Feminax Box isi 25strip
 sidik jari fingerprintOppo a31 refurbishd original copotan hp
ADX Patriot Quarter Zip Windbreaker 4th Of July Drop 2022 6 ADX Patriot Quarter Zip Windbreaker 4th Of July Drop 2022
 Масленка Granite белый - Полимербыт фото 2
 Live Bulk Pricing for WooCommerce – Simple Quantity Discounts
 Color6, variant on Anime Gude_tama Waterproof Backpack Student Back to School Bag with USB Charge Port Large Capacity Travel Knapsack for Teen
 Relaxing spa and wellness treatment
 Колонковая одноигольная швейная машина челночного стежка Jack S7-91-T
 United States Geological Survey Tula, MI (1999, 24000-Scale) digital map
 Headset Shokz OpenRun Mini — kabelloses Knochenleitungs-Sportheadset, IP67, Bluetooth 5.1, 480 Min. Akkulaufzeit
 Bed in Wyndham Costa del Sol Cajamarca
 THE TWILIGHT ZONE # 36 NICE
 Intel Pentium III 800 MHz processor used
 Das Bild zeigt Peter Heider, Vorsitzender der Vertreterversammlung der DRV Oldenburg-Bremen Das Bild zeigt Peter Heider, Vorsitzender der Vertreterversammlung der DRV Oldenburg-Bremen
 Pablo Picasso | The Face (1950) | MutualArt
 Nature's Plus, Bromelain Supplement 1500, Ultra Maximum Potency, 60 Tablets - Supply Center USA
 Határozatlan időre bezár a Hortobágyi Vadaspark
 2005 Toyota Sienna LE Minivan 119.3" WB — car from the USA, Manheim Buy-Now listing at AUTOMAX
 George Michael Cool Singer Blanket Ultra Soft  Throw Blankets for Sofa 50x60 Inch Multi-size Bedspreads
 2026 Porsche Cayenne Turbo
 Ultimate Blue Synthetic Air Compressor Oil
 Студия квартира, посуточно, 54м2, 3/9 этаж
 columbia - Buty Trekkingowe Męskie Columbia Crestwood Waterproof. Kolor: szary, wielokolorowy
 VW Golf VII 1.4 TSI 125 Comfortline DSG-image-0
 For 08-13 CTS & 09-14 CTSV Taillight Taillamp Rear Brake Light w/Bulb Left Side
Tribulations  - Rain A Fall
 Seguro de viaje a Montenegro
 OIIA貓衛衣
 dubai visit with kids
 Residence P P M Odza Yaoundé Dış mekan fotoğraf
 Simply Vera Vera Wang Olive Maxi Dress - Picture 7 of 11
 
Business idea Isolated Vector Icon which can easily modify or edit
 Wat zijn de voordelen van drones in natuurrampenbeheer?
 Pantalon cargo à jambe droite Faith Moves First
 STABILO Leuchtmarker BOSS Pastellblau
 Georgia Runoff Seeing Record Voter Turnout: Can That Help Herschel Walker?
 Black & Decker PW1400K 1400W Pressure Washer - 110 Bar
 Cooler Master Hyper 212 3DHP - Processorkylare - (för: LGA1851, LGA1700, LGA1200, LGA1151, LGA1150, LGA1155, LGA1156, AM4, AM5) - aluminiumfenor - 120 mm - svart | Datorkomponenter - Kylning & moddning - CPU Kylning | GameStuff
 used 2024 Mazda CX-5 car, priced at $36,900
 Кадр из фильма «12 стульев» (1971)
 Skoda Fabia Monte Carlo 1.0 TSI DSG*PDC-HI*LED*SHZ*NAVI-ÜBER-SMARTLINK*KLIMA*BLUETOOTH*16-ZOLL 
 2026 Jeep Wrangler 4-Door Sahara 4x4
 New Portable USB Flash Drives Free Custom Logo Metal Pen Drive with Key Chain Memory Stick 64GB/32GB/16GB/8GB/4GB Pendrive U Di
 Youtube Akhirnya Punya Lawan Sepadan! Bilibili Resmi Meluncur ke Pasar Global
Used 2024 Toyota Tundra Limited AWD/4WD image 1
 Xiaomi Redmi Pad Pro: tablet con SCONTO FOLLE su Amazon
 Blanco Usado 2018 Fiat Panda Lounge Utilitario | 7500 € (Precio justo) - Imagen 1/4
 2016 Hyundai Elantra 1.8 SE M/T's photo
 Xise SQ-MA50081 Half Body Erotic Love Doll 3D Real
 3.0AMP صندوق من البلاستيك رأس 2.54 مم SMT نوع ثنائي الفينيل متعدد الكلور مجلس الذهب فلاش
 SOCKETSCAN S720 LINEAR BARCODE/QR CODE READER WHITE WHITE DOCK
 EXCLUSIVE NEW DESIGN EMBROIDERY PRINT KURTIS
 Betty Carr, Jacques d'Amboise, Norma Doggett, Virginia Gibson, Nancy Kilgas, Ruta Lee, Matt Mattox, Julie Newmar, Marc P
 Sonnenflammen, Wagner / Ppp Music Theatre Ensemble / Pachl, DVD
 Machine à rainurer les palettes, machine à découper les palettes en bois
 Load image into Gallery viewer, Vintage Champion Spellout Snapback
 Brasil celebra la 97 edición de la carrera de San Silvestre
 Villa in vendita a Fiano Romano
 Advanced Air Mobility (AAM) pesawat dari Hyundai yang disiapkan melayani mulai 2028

= = = =

What to do: Exactly as they appear above, output the lines of the data from the first through the one that contains "Live Bulk Pricing", and only those lines.

Solution for this task:
Feminax Box isi 25strip
 sidik jari fingerprintOppo a31 refurbishd original copotan hp
ADX Patriot Quarter Zip Windbreaker 4th Of July Drop 2022 6 ADX Patriot Quarter Zip Windbreaker 4th Of July Drop 2022
 Масленка Granite белый - Полимербыт фото 2
 Live Bulk Pricing for WooCommerce – Simple Quantity Discounts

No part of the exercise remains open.